An aberdeenshire couple took their children to the poorest country in the world to let them see how the other half really does live.

Mother-of-four Valerie Carr and her husband Charles sold their house last year and took their three youngest sons to Burundi in Central East Africa, a country where thousands of children have been orphaned during years of conflict.

While the boys are at school, their parents are running a project to build six orphanages. And back home at Crombie Primary, on the outskirts of Aberdeen, where the boys were pupils, everyone has been fundraising and learning about life in Burundi from the boys’ blogs.

“We felt almost guilty about how much we had, compared to how little so many people in the world have and we wanted our children to have a true perspective on how 70 per cent of the world lives,” explains Valerie. She is a member of a Bible study group and her reading prompted the family’s journey.

“It wasn’t any great act of sainthood, it was just trying to get a real perspective on the world situation and you can’t get that sometimes when you’re living in an affluent community,” says Valerie, at the new family home in Bujumbura on the shores of Lake Tanganyika.

The couple work on behalf of Dundee-based charity Mission International and are funding their year-long stay with some of the proceeds of their house sale. Valerie is an interior designer and her husband Charles a builder, so their practical professional skills made them ideal candidates to project-manage the venture.

Their sons John, 9, Matthew, 12, and Samuel, 14, attend an English speaking school and have settled well into their new environment. Their older brother Joshua, 19, had already begun an apprenticeship and stayed in Scotland to continue his training.

Valerie says the six houses the couple have designed at the Hope Centre, near the Congo border, will provide new homes for more than 40 orphans. “Where they live now, if you visited any dog kennel in the UK it would be much better quality - it’s just concrete bunkers with mats on the floor,” she says.

The Foreign and Commonwealth Office currently advises against all but essential travel to Burundi, despite an official ceasefire agreement reached last summer. But Valerie and her husband visited Burundi and thought long and hard before reaching their decision to return with the boys. “We were pleasantly surprised that, on the ground, we didn’t feel threatened in any way,” she says.

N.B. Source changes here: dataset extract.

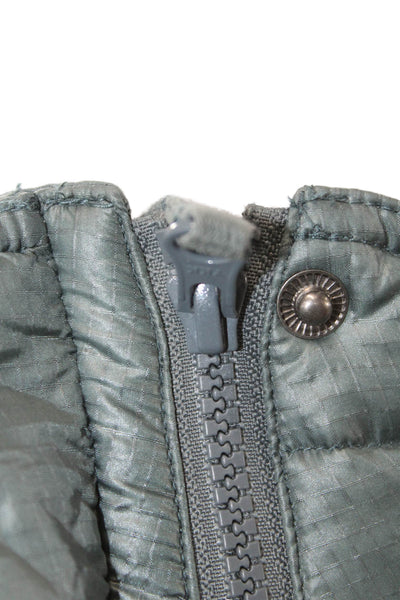 J Crew Women Quilted Puffer Vest Green 100% Nylon Button High Neck Size S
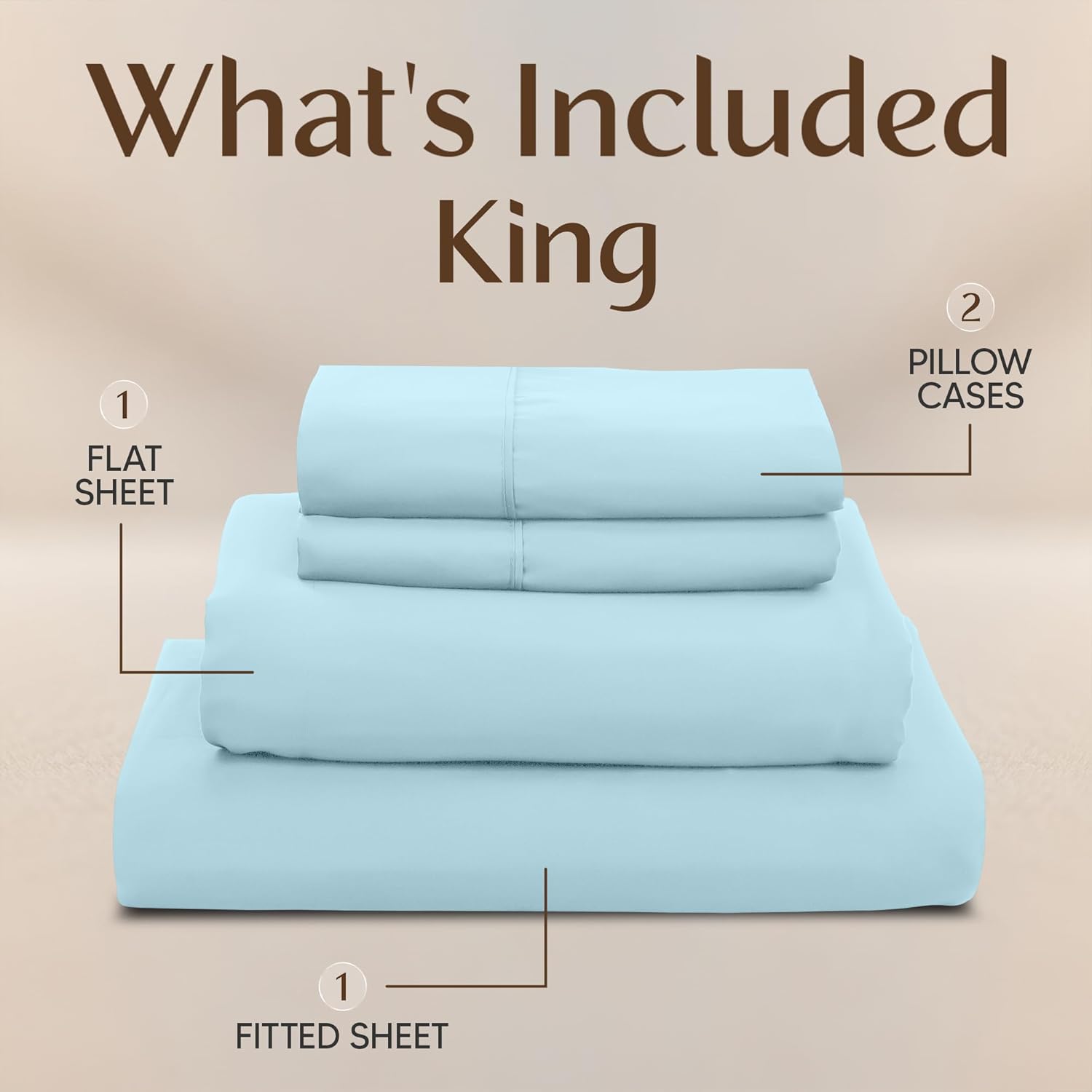 Utopia Bedding King Size Sheet Set - Soft, Breathable Microfiber | 4-Piece in Ice Blue, Oeko Tex Certified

Children in Burundi sit regular exams and are diligent about daily homework. Her older son was at the top of his class in some subjects back home at Westhill Academy, but not here. “Education is the way out here for everybody. They know there’s only one way they’re going to get a better life - a better job,” says Valerie, who helps out in the boys’ school two days a week.

Back at Crombie Primary, progress at the Hope Centre is documented on special bulletin boards with photographs of smiling orphans and their moving stories.

Headteacher Kate Hopkins says the family’s experience has brought valulable educational and cultural benefits to the school in areas such as global citizenship. A range of enterprising fundraising at the school has contributed more than Pounds 1,000 to equip the orphanages and thousands more has come from the family’s church in Westhill.

When the Carrs were home at Christmas, they went straight to the school from the airport to share their experiences: “I’m amazed by their commitment - selling the house, going to Africa, taking their children with them, having them educated in Burundi,” says Mrs Hopkins. “The standard of education the boys is getting is terrific, I am really impressed by it. They get a lot of homework, which they were complaining about.

“Other than directly curricular education, they’re learning the value of money, of work and of taking skills over there. They are learning all the culture and traditions of that country - what could be better? And they’re building buildings, they’re making a difference - wouldn’t that be a lovely feeling - that you have made a difference?”